BEGIN Data below

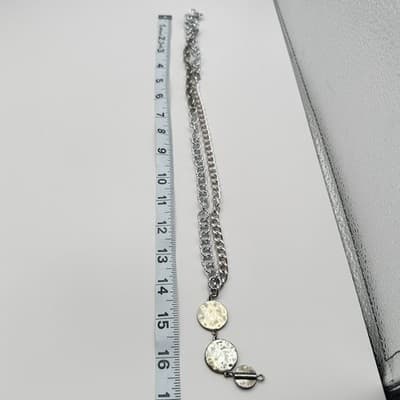 Vintage 90s Silver Tone Chain Necklace Tiered Disc Pendant Fashion Jewelry Y2K - Thumbnail 7
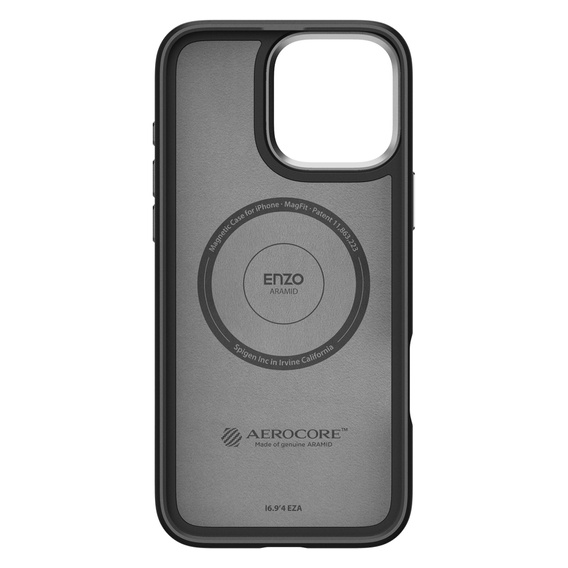 Spigen Case for iPhone 16 Pro, Enzo Aramid MagSafe, carbon black / silver + 9H Tempered Glass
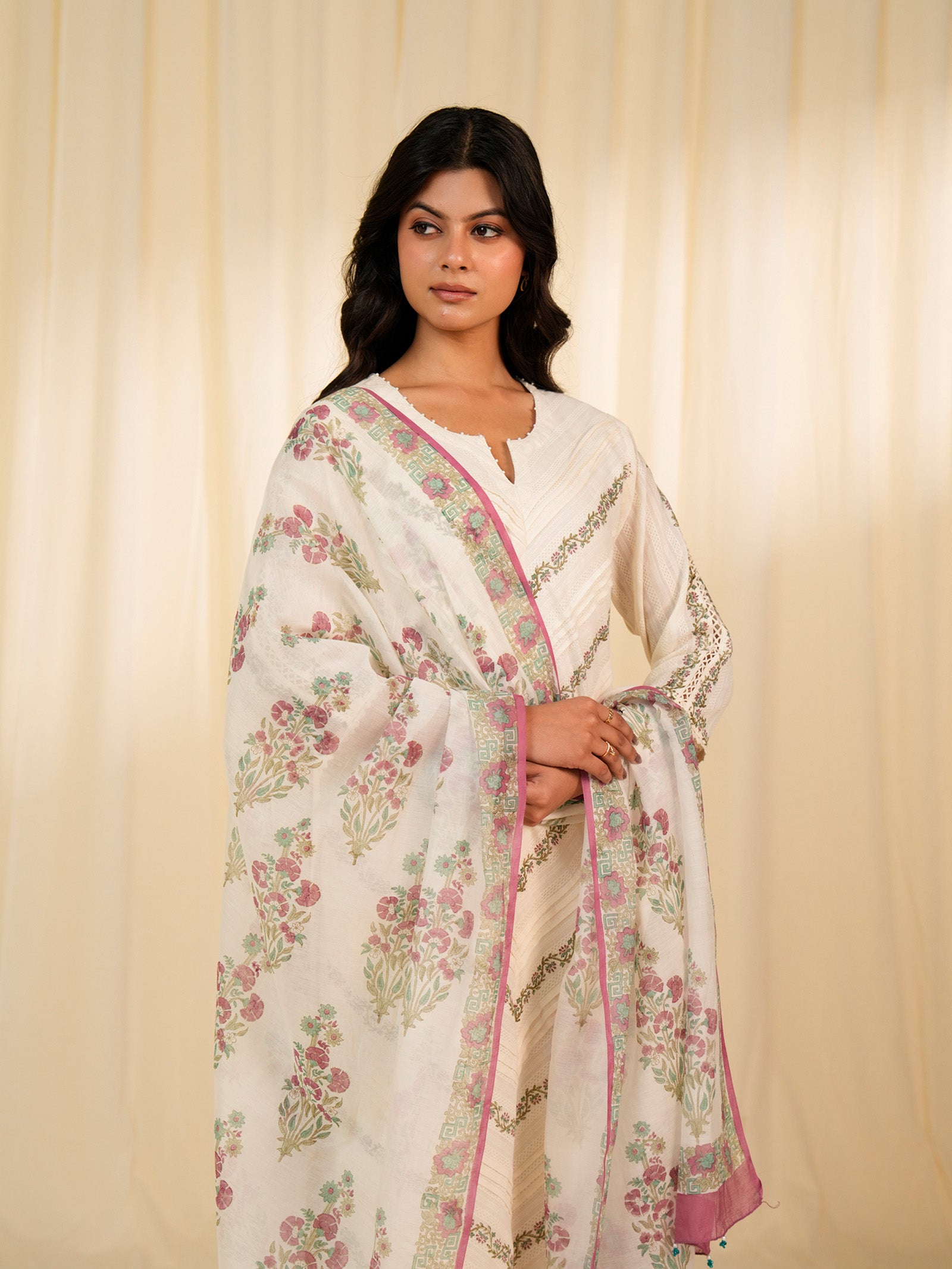 Pink Tusker Chanderi Dupatta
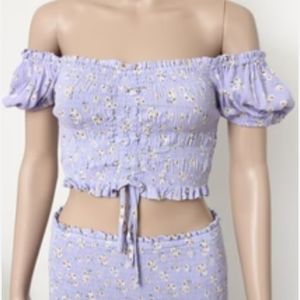 GIRLS SMOCKED SHORT SLEEVE OCEAN DRIVE TOP, Size small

END Data below

Each line from the one holding "Spigen Case for" through the final line of the data needs to be transcribed exactly. Include both ends, skip the pictures, and add nothing.

Output below:
 Spigen Case for iPhone 16 Pro, Enzo Aramid MagSafe, carbon black / silver + 9H Tempered Glass
 Pink Tusker Chanderi Dupatta
 GIRLS SMOCKED SHORT SLEEVE OCEAN DRIVE TOP, Size small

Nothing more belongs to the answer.